La tesis templaria es muy antigua y gozó desde el principio de un enorme atractivo para los masones en la medida en que permitía vincular su pasado con el de una orden militar prestigiosa y perseguida por la Santa Sede, y en que, por añadidura, facilitaba la expansión territorial en una Francia que conservaba una visión extremadamente idealizada de los templarios juzgados y ejecutados en su territorio. Sin embargo, como sucede con la teoría egipcia, una cosa es que haya gozado de predicamento durante siglos en el seno de la masonería y otra, bien distinta, que se corresponda con la realidad histórica.

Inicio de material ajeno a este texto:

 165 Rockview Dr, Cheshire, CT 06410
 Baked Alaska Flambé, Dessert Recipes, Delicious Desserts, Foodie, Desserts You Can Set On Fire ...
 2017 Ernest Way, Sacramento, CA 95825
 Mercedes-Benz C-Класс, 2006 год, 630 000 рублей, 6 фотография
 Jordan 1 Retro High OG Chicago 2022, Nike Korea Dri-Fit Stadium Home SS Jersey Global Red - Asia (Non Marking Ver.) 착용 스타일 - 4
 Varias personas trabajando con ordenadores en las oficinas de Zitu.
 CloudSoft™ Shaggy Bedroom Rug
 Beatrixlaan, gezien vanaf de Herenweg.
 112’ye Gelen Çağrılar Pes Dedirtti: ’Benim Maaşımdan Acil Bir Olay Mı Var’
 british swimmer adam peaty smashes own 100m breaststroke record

La peripecia de los caballeros del Temple es, sin ningún género de dudas, uno de los episodios más apasionantes no sólo de la Edad Media sino de toda la historia universal. Orden militar en la que se seguían los votos de pobreza, castidad y obediencia, los templarios eran además combatientes aguerridos —les estaba prohibido retirarse ante el enemigo— que surgieron de las Cruzadas, una gigantesca epopeya encaminada, primero, a garantizar la libertad de acceso a los Santos Lugares que los musulmanes negaban a los cristianos y después a recuperar esas tierras para Occidente. Los templarios eran reducidos en número, pero su peso militar resultó muy notable. Buena prueba de ello es que Saladino, tras la victoria de Hattin, ordenó la ejecución de todos los prisioneros de guerra templarios, dado el pavor que le infundía su valor.
Sin embargo, los templarios no fueron sólo monjes y guerreros. También transmitieron a Occidente no escasa parte de la sabiduría oriental y, de manera bien significativa, terminaron por convertirse en banqueros de Occidente. Su enorme poder financiero acabaría despertando la envidia y la codicia de distintos gobernantes —en especial, el rey de Francia— y, con ellas, su ruina. El 18 de marzo de 1314 era quemado en París el maestre de los templarios, Jacques de Molay, tras un proceso que había durado más de un lustro. Desde su pira mortuoria, de Molay emplazó a Felipe el Hermoso de Francia, a Guillermo de Nogaret, mayordomo del monarca, y al papa Clemente, desarticulador de la orden, para que antes de que concluyera el año comparecieran ante el tribunal de Dios a fin de responder del proceso y la condena de los templarios. De manera escalofriante, los tres emplazados fallecieron antes de que se cumpliera el año y además, en el caso de la dinastía reinante en Francia —una dinastía que no había tenido problemas de sucesión a lo largo de tres siglos—, se produjo una extinción dramática en breve tiempo.